As president of The Humane Society of Grand Valley, Spadacene leads a group of students who are raising awareness. They are active in local and national non-profits, and local, state and federal animal legislation. They have worked with Campus Dining on an initiative to make Grand Valley Michigan’s first university to exclusively serve cage-free eggs.
Spadacene received a Student Leadership Award from the Humane Society of the United States, which recognizes students who have made substantial progress in reducing animal suffering and advancing animal welfare on their campuses in 2010.
“To receive national recognition is an honor, but I’m more excited about the concept of a cage-free campaign receiving institution-level acknowledgement,” said Spadacene. “It’s one thing to buy cage-free eggs at the store once in a while, but it’s another thing for 1.4 millions eggs a year to be purchased from hens that aren’t subject to cages so small they hardly have the room to turn around.”
Spadacene’s passion for animal advocacy began when she attended a conference in 2007. “My interest in the welfare of farm animals came on like a tidal wave - unexpected and powerful.”

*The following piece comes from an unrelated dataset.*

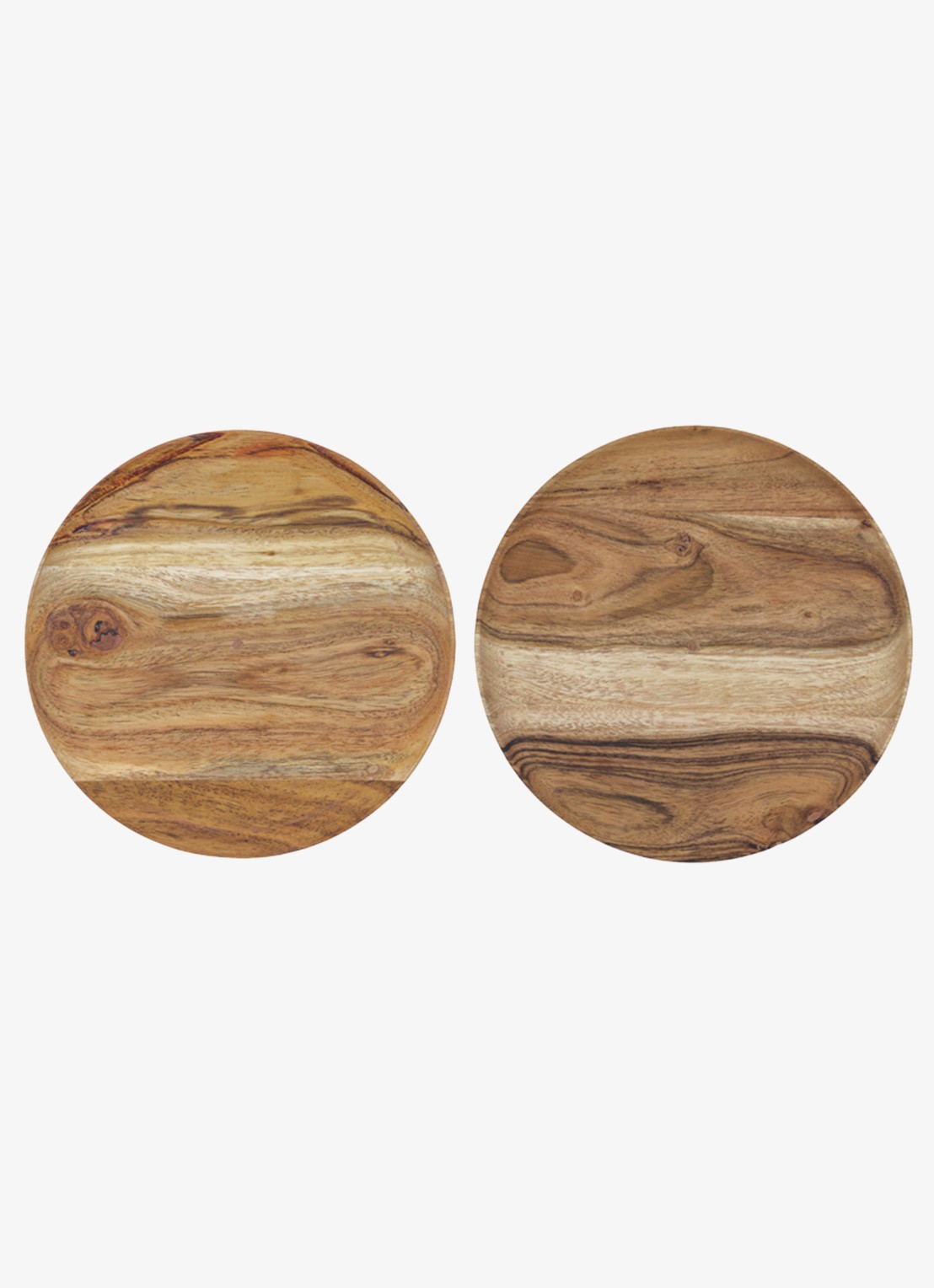 House Doctor Wood serveerschaal set van 2 - voorkant 2 naturel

When she was 18 years old, her aunt, also an advocate for the fair treatment of animals, invited her to a national animal advocacy conference in Washington, D.C. “By the end of the weekend I had learned so much about the detrimental conditions of factory farming that I was more than eager to swear off all meat from future meals. The conference changed my life,” she said.
A native of Midland, Spadacene will graduate in May 2011 with degrees in psychology and biology. She has plans to pursue a master’s and possibly a doctorate degree in biodiversity conservation, sustainable agriculture or animal cognition, and work for a national animal protection non-profit.
“My mom and aunt have shared their love of animals and instilled in me early that all life is worth considering, regardless of the ‘worth’ our society places on each species,” she said.